| MATERIALS PROVIDED |

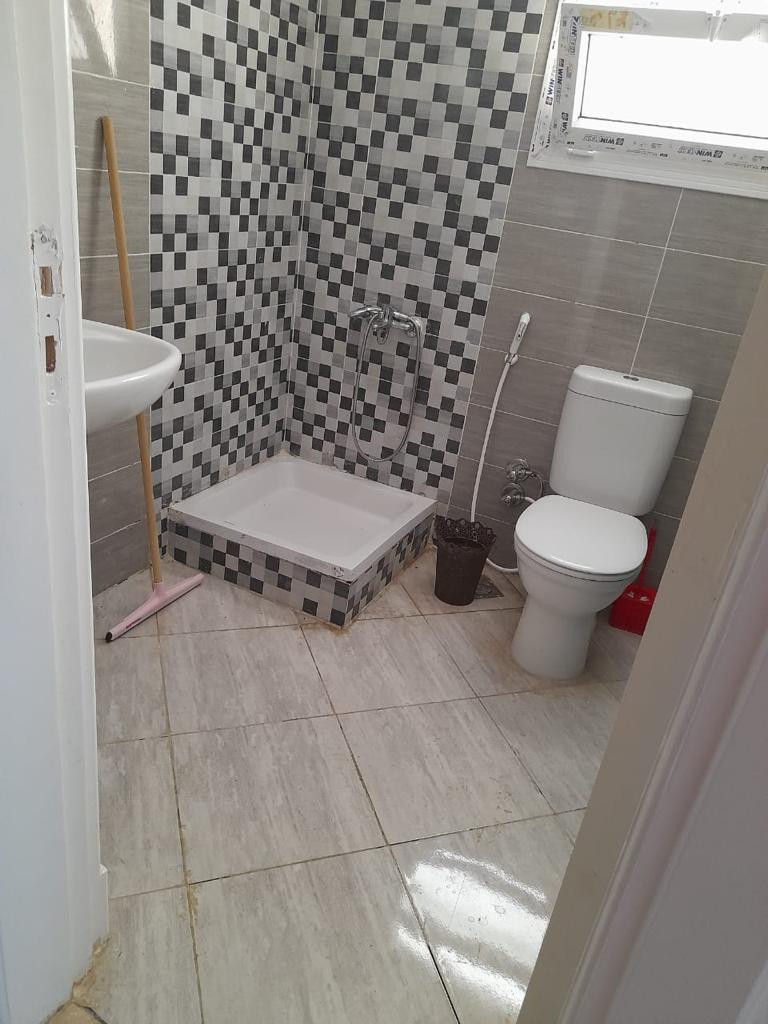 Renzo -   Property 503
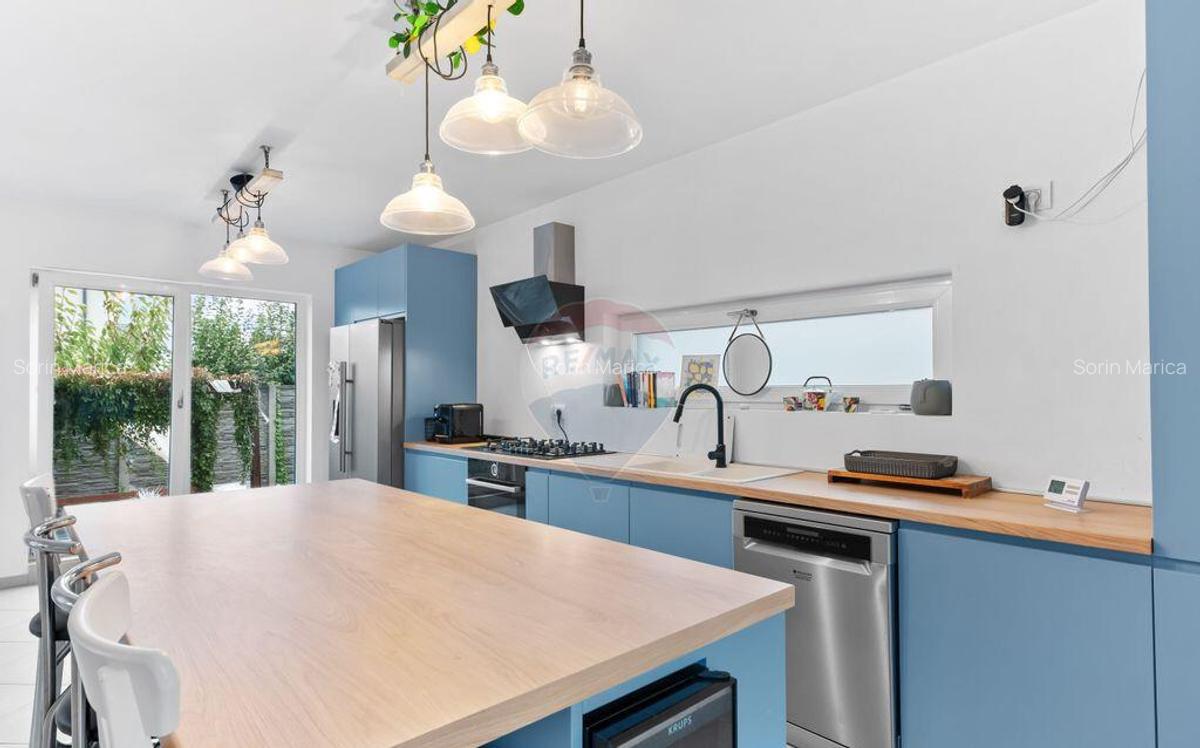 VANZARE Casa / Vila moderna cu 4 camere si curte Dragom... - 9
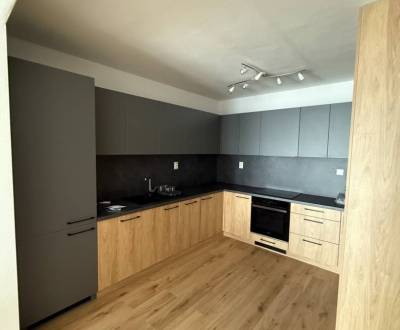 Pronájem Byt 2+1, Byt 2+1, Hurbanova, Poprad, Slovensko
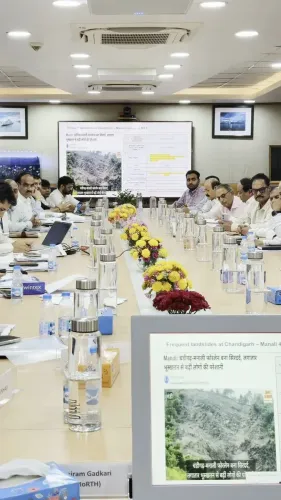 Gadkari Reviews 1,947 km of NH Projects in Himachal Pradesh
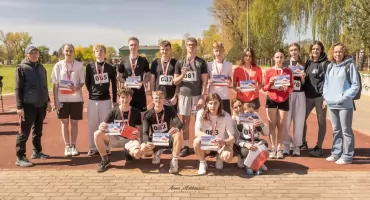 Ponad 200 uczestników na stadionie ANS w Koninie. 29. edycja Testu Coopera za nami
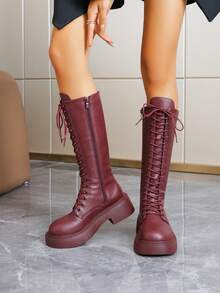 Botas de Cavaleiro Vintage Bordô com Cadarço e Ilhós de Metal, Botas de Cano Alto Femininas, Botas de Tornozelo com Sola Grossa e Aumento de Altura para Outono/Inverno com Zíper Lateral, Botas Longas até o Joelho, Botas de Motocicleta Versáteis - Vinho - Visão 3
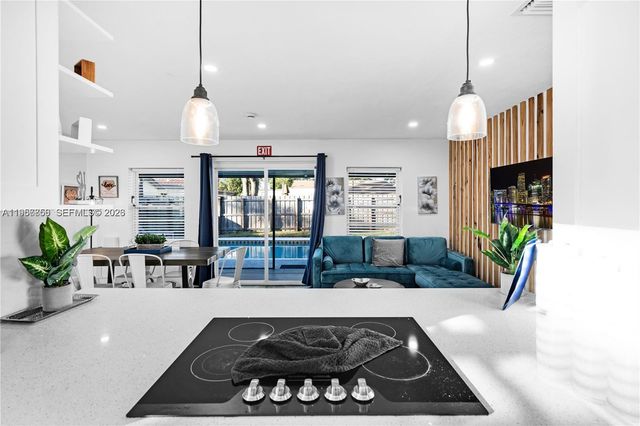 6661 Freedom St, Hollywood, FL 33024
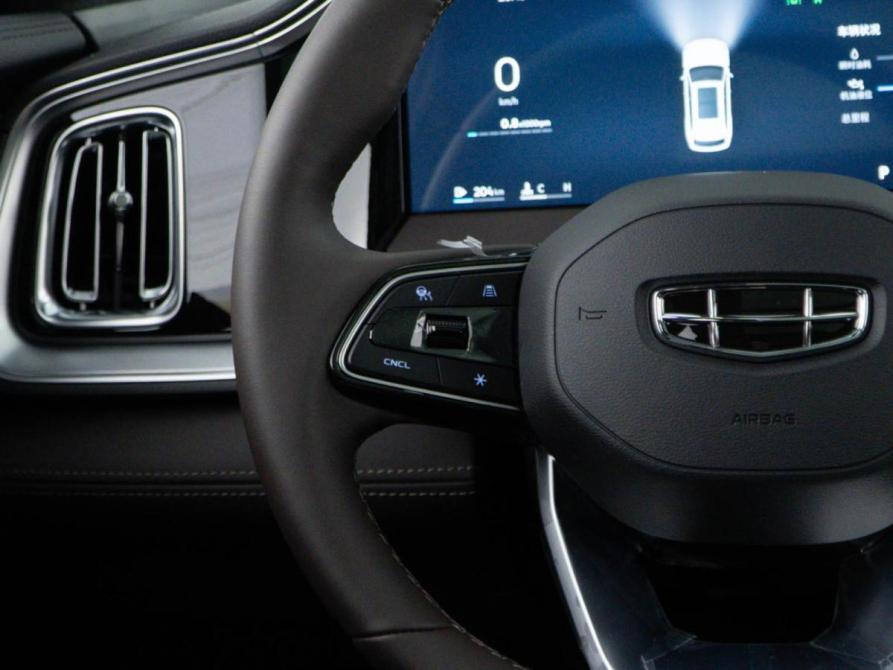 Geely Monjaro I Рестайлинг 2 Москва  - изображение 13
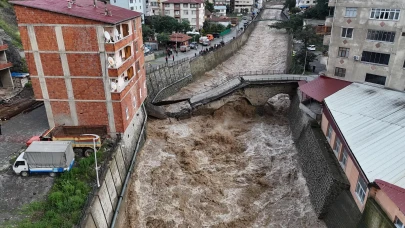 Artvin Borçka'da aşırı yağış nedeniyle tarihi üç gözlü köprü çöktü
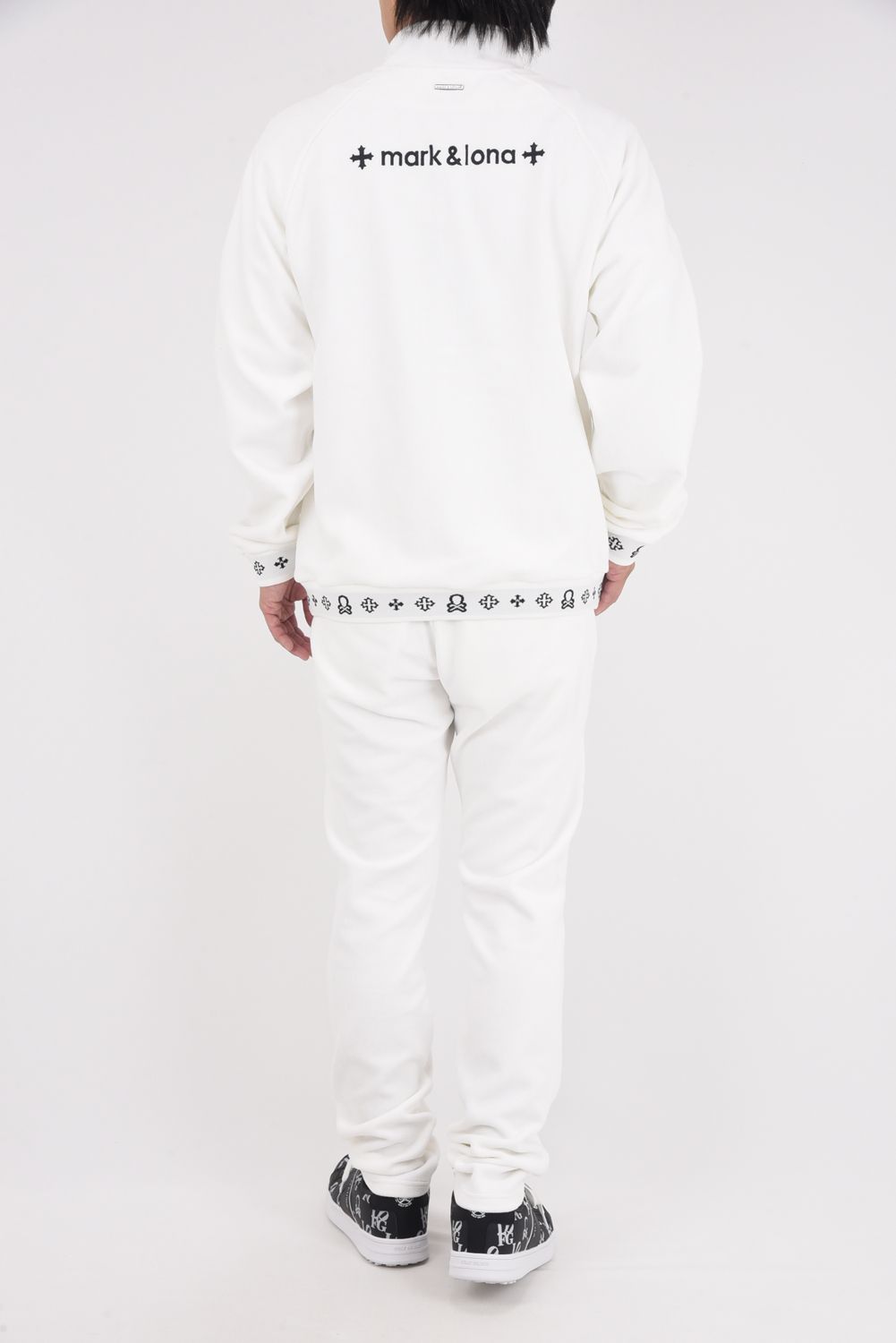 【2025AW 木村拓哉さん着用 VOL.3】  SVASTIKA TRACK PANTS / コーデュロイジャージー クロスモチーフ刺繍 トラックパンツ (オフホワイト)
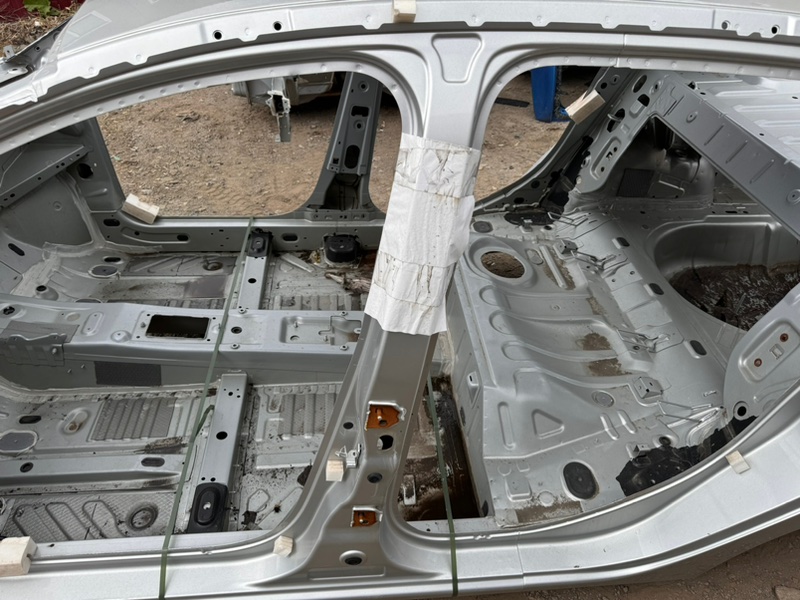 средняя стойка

| YOUR ASSIGNMENT |
The lines to reproduce run from the line containing "Artvin Borçka'da aşırı" through the last line of the records above, both included. Copy them exactly and drop the pictures.

| TASK ANSWER |
 Artvin Borçka'da aşırı yağış nedeniyle tarihi üç gözlü köprü çöktü
 【2025AW 木村拓哉さん着用 VOL.3】  SVASTIKA TRACK PANTS / コーデュロイジャージー クロスモチーフ刺繍 トラックパンツ (オフホワイト)
 средняя стойка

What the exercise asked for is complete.